MISSOULA - The Kyiyo Powwow returned in-person for the first time since the beginning of the COVID pandemic.

The dancing, drums and celebrations kicked off the powwow on Friday at 7 p.m. and continued through Saturday.

This is the 53rd annual Kyiyo Powwow, making it one of the longest running student-run powwows in the country. The University of Montana hosted the event in the Adam’s Center, where hundreds gathered to participate.
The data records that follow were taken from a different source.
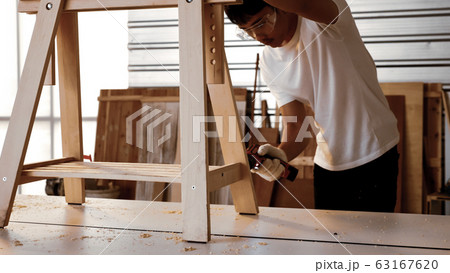Carpenter using drill to screwing pieces of board at site. 63167620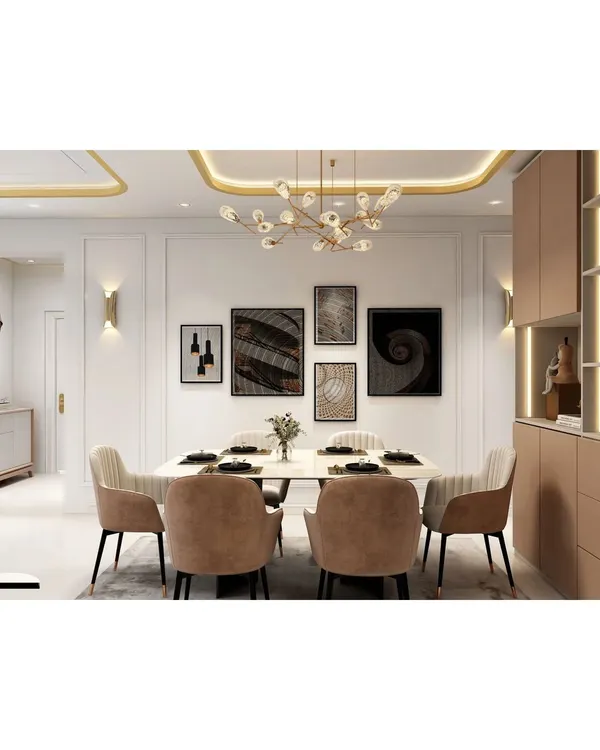 A sophisticated dining area featuring a white marble-top table, plush upholstered chairs, and a modern gallery wall. The cove lighting and statement chandelier add a layer of luxury.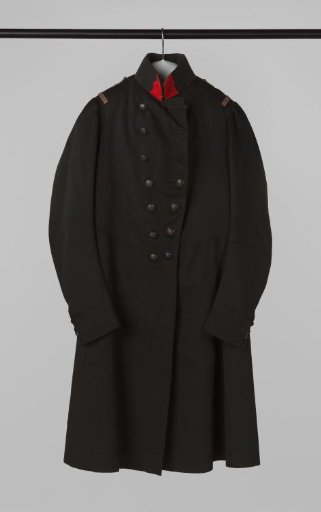 Tailored jacket with round bell-shaped skirt, standing collar, double row of silvered buttons with wall crown, silver shoulder straps and epaulettes, and red patch on collar, part of a civic guard uniform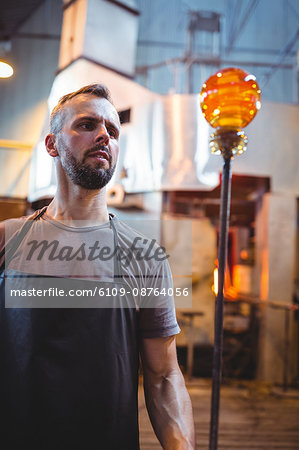 Glassblower shaping a molten glass at glassblowing factory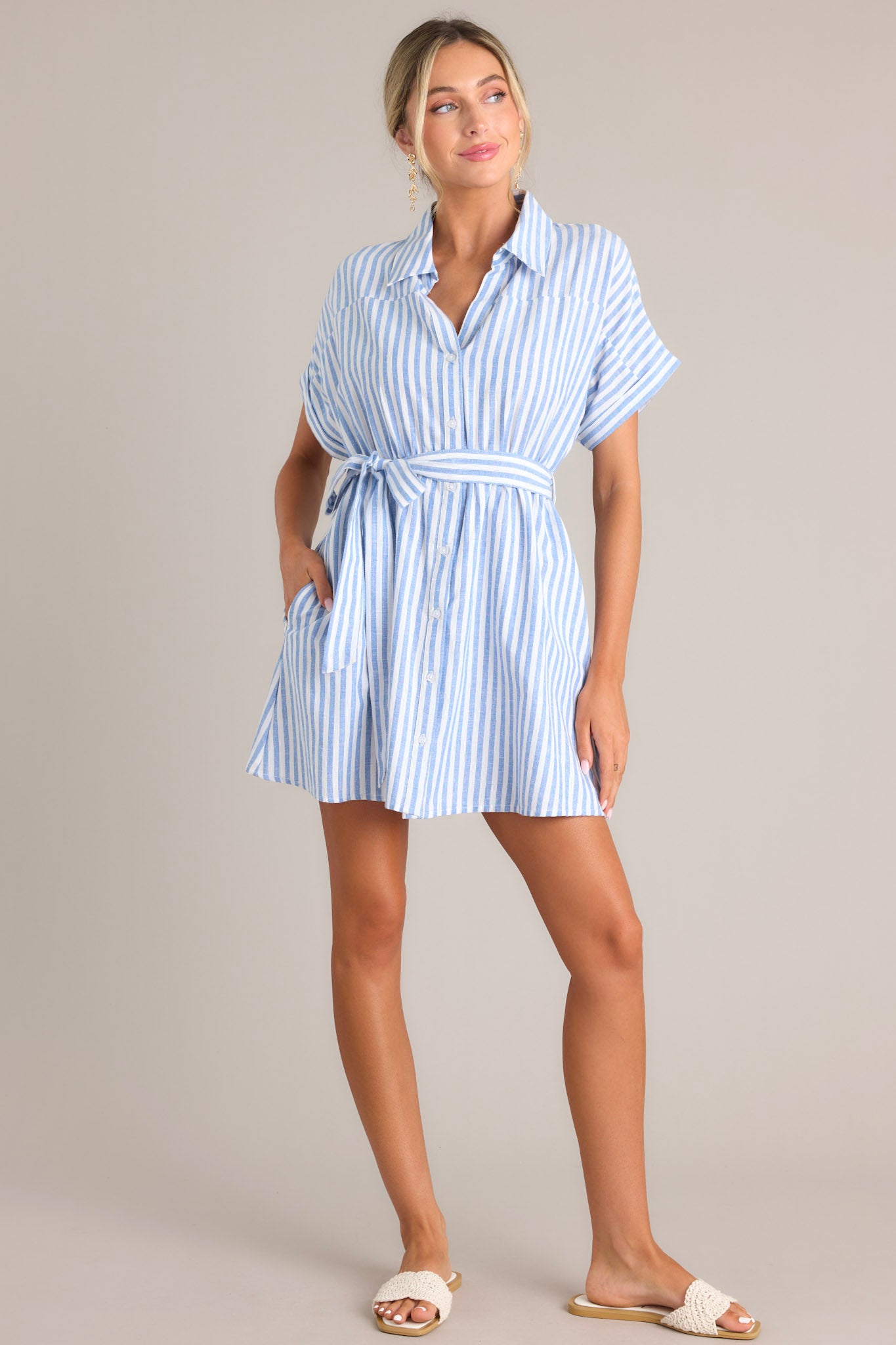 Full body view of  this dress that features a collared v-neckline, a full button front, an elastic waistband, a self-tie belt, functional pockets, and folded sleeves.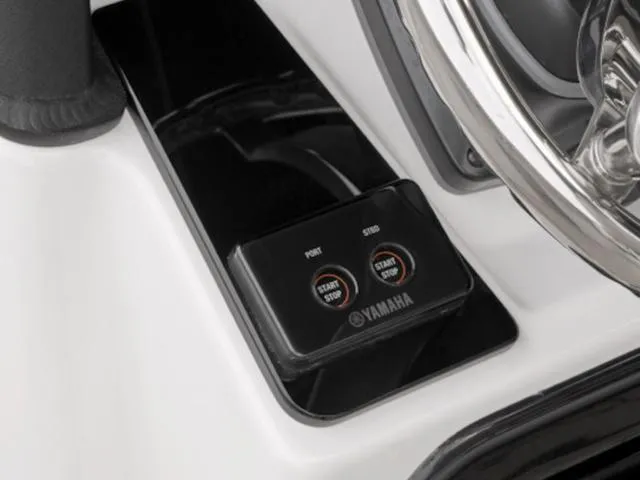 Slide: The Image of 2024 Yamaha Boats 255 FSH Sport E dashboard with start/stop buttons. - 7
“I always thought it was fun and like, you just move fast and it's always like a competition with the drum too,” said Neil Medicine Bull, A Fancy Dancer competing at the Kyiyo Powwow, when asked why he likes competing.

His mom and former Jingle dancer, Kay Medicine Bull, said powwows are a family affair. And she is thankful for how powwows bring their family together.

“I'm so thankful for powwow because it keeps my kids you know, drug and alcohol-free," said Kay Medicine Bull. "It keeps them away from gaming. It keeps them active. It was fun with going to Powwow, and kind of, representing your tribe and who you are."

The powwow helps cultivate community.

“I think it creates a community that isn't always well seen," said Sierra Paske, Kyiyo Native American Student Association vice president. "I love to just think of it as a celebration.”